Now the proximate cause was you had a typo:
a.erase(
(
std::remove_if(
a.begin(),
a.end(),
[](const int& x){
return x == 2;
}
),
a.end()
)
);
here I have expanded the line's structure. You can see from the above that you only passed one argument to erase
; namely a.end()
, because you passed it ( some remove expression, a.end() )
in brackets. This invoked the comma operator: so it ran the remove expression (moving the element 2
to the end), then discarded the returned iterator and evaluated to a.end()
.
We then passed a.end()
to erase
, which is not a valid iterator to pass to erase
. So your program is ill-formed, and UB results.
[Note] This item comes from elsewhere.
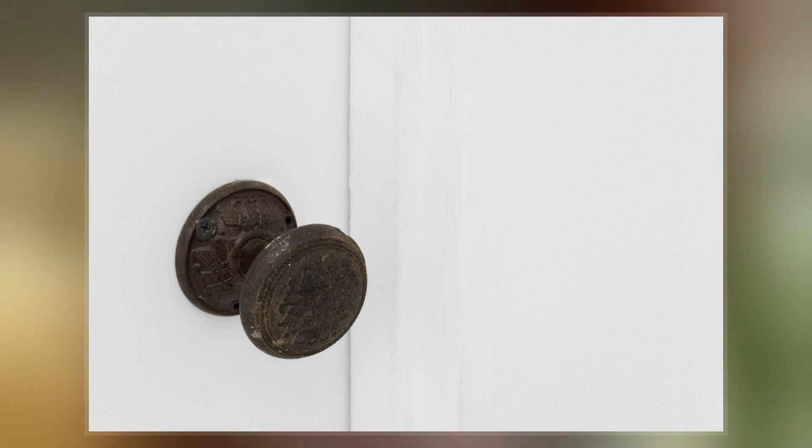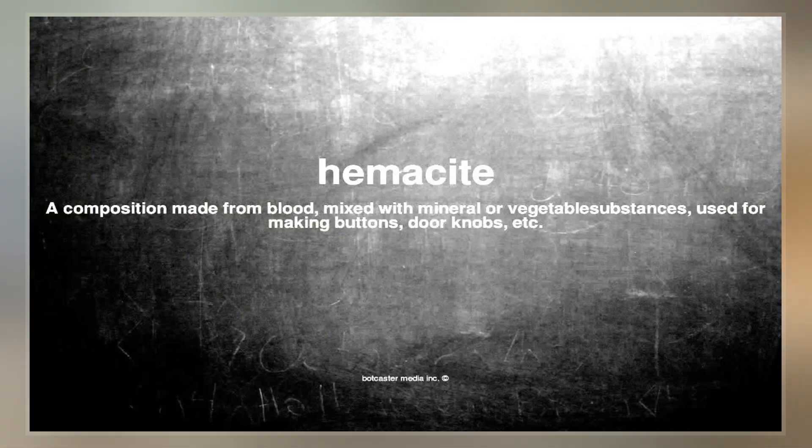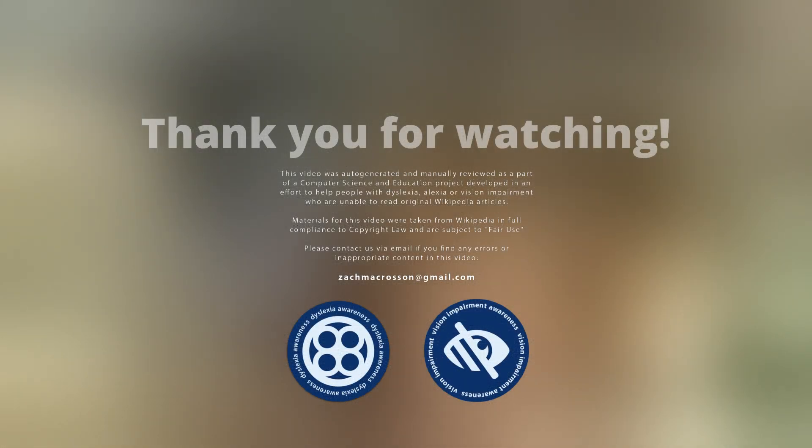Although Hemicite is a cheap material, Bakelite was cheaper to produce, and by the mid to late 1900s the popularity of plastics like Bakelite almost entirely replaced the production of Hemicite.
That is only the proximate cause. There are many mistakes you can easily make when manually doing erase-remove; the code is fragile and full of repetition.
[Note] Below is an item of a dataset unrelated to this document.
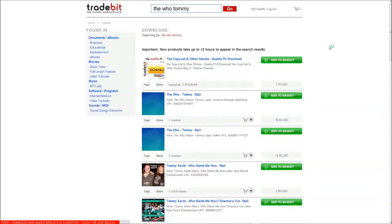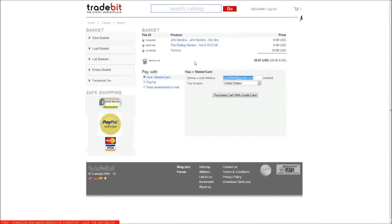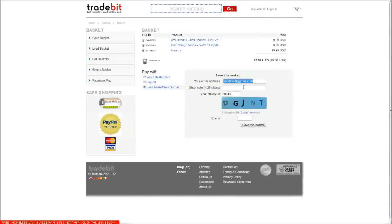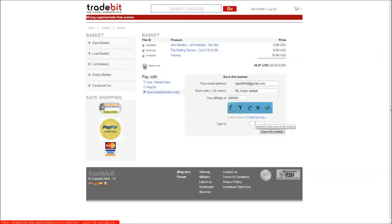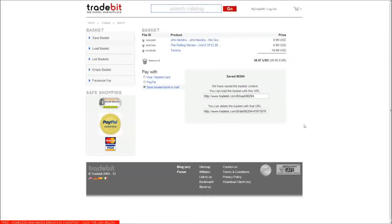I have three items in the basket now, there they are. All I do is click save basket, enter the capture code, save this basket and there is my URL.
DRY is the principle that you want a single point of customization, and you don't want to repeat things that don't need repeating. erase_remove_if
is my attempt to apply DRY to avoid exactly this kind of error.
Upvotes: 4
Reputation: 24798
You are using an overload of the std::vector::erase()
member function that takes a single iterator as parameter. As the argument to erase()
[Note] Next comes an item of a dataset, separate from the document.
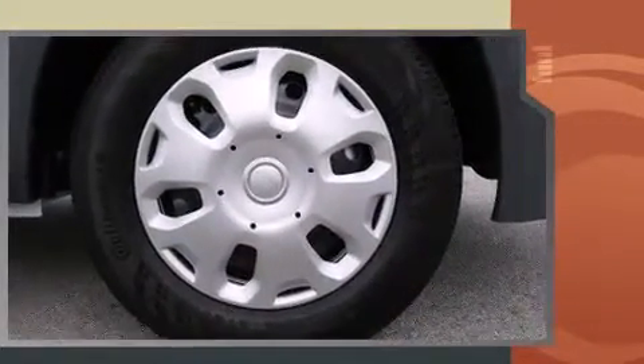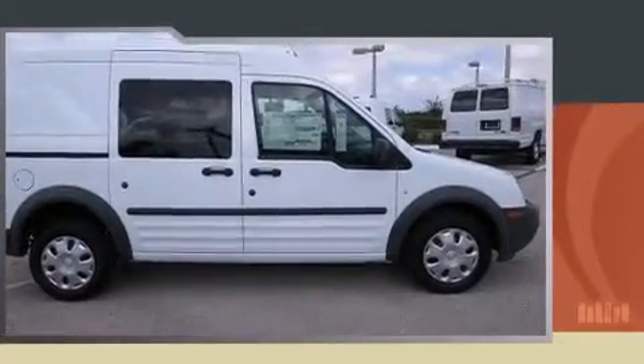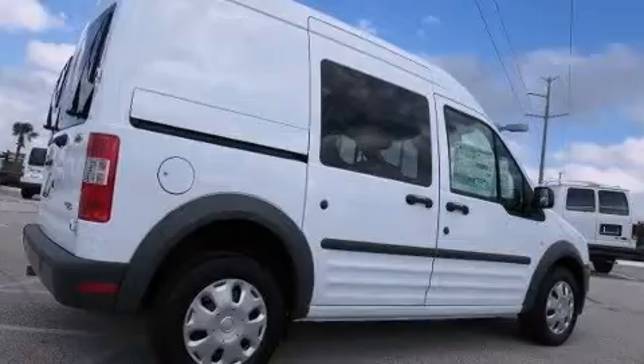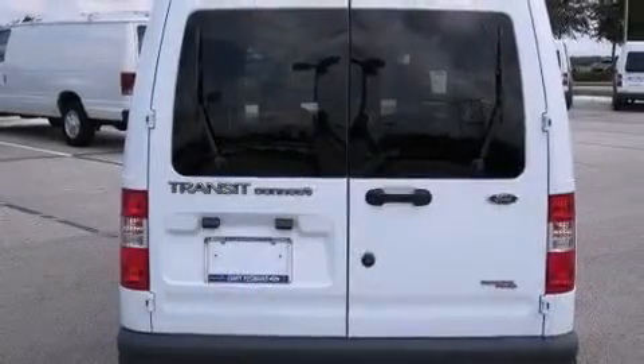The following features are included: a tachometer, variably intermittent wipers, and air conditioning. Storage solutions are integrated throughout the interior, demonstrating thoughtful attention to detail.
you are providing the iterator a.end()
, since the following expression:
(std::remove_if(a.begin(), a.end(), [](const int& x){ return x == 2; }), a.end()))
evaluates to a.end()
(i.e., because of the comma operator).
The iterator passed to the overload of erase()
that takes a single iterator must be dereferenceable. However, the iterator a.end()
is not dereferenceable, therefore, the call to erase()
results in undefined behavior.
To use the overload that takes two iterators, remove the parenthesis surrounding the call to std::remove_if
:
a.erase(std::remove_if(a.begin(), a.end(), [](const int& x){
return x == 2;
}), a.end());
Upvotes: 23
Reputation: 173044
You're adding superfluous parentheses, change it to
a.erase( std::remove_if(a.begin(), a.end(), [](const int& x){
return x == 2;
}), a.end());
Note that the comma operator just returns the last operand, that means you're passing a.end()
to erase
, which leads to UB.
Upvotes: 8
Reputation: 206747
The other answers have pointed out what the problem was. I want to say, it will be easier to notice these kinds of problems by simplifying your code.
I suggest using:
int main()
{
std::vector<int> a {1, 2, 3, 4, 5, 6};
printme(a);
auto it = std::remove_if(a.begin(), a.end(), [](const int& x){ return x == 2; });
a.erase(it, a.end());
printme(a);
}
Upvotes: 7
Reputation: 973
You just had too many parentheses in the function call.
a.erase(std::remove_if(a.begin(), a.end(), [](const int& x) {return x == 2;}), a.end());
Just remove one parentheses before the std::remove_if
and at the end of the call.
Upvotes: 5